Problem details:
Skip the pictures and retype exactly the lines from the one holding "casa indipendente in" through the end of the entries.

Data for this exercise:
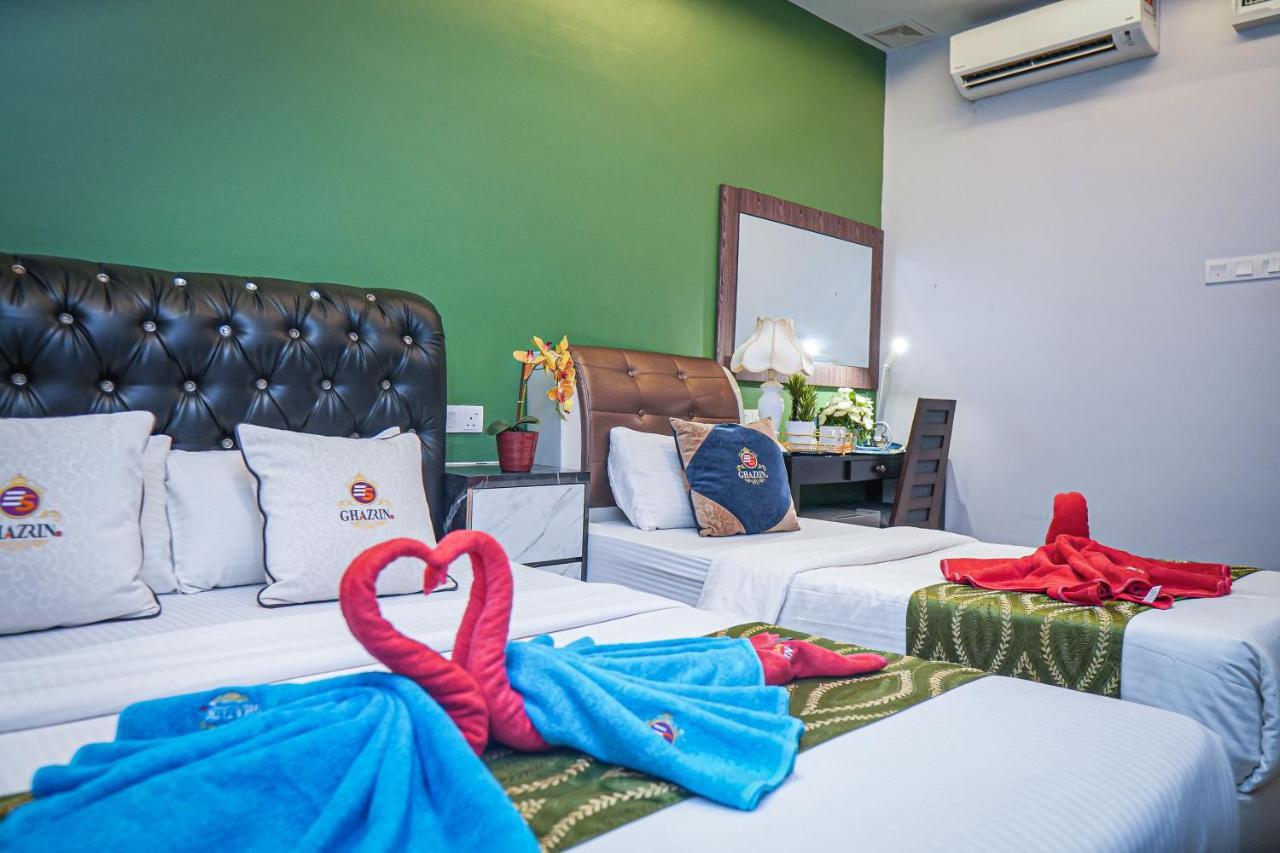 Ghazrins Desaru Hotel Pengerang Buitenkant foto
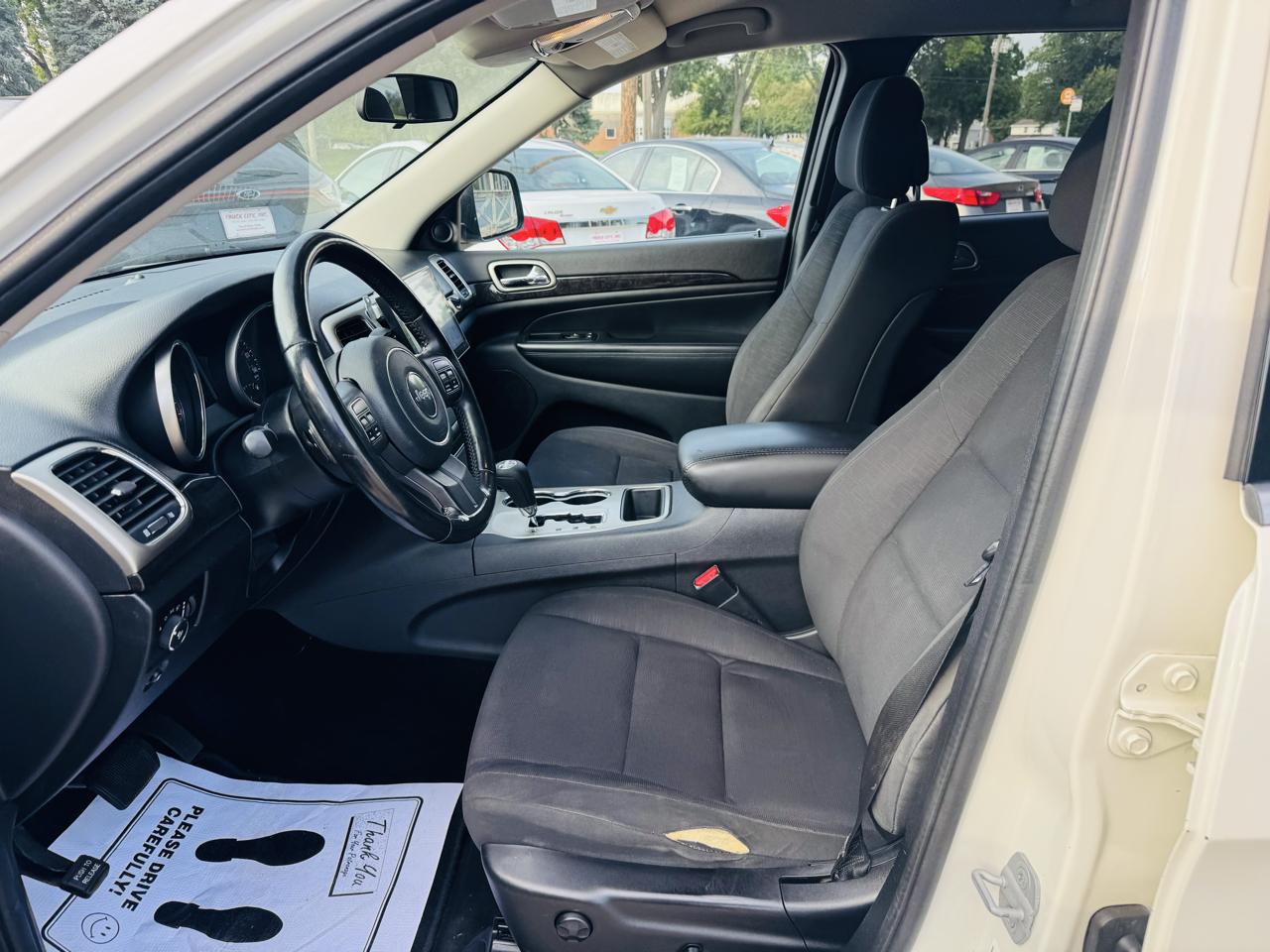 Jeep Grand Cherokee Laredo 4WD 2012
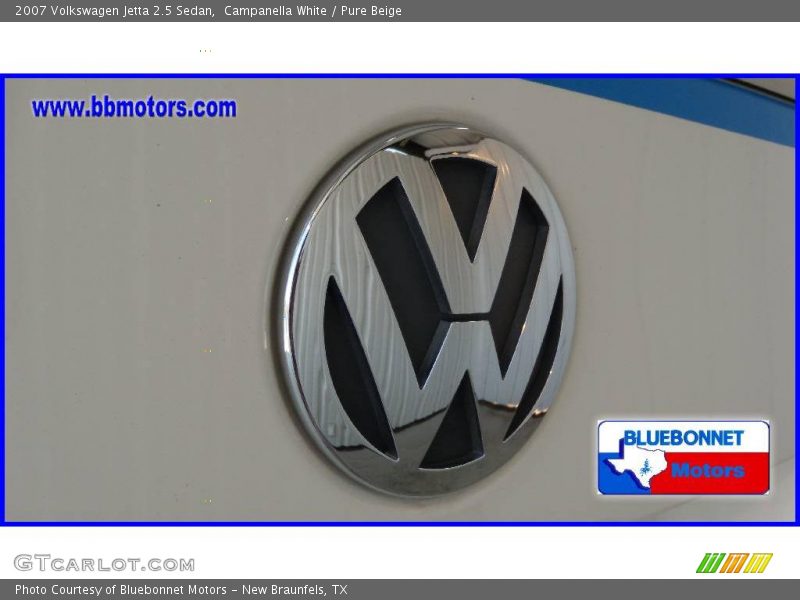 Campanella White / Pure Beige 2007 Volkswagen Jetta 2.5 Sedan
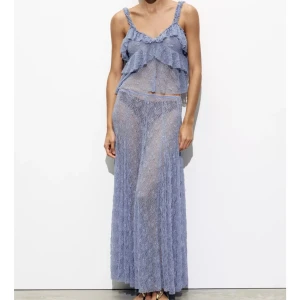 Set - Långkjol med matchande topp från Zara i strl S. Använd 1 gång!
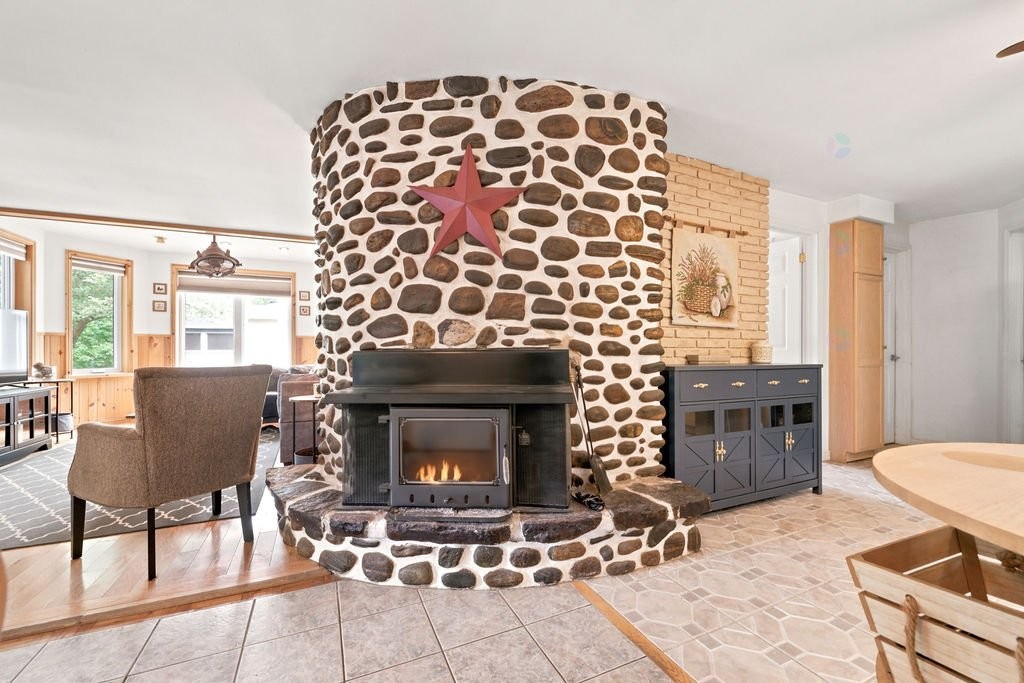 Dining Room - 111 Ch. Des Rapides, Mansfield-Et-Pontefract, QC - Indoor Photo Showing Living Room With Fireplace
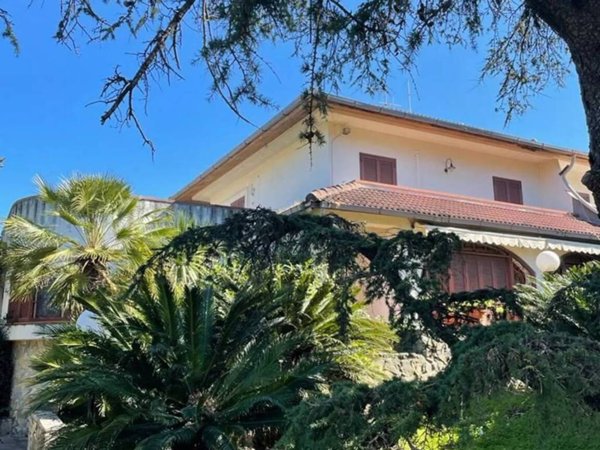 casa indipendente in vendita a Salerno in zona Porto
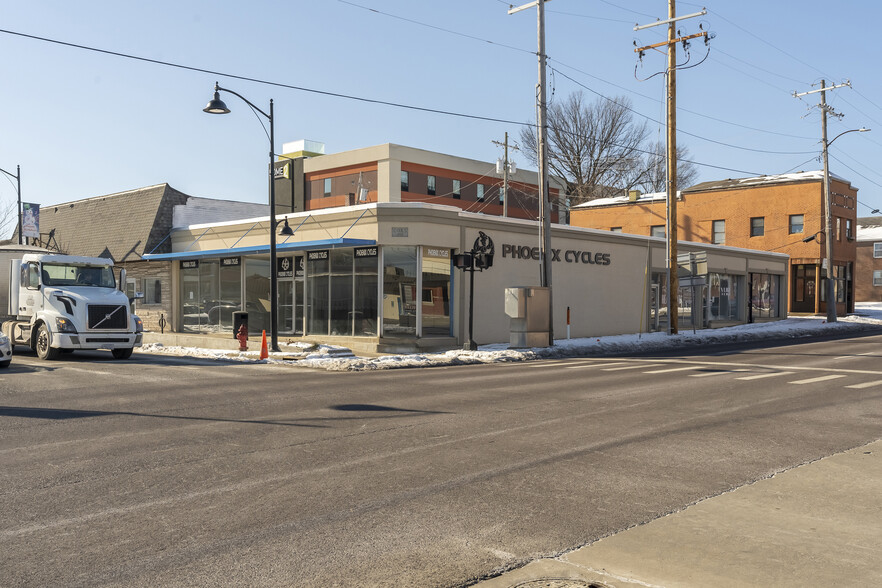 300 S Illinois Ave, Carbondale, IL en venta - Foto del edificio - Imagen 3 de 35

Exercise output:
 casa indipendente in vendita a Salerno in zona Porto
 300 S Illinois Ave, Carbondale, IL en venta - Foto del edificio - Imagen 3 de 35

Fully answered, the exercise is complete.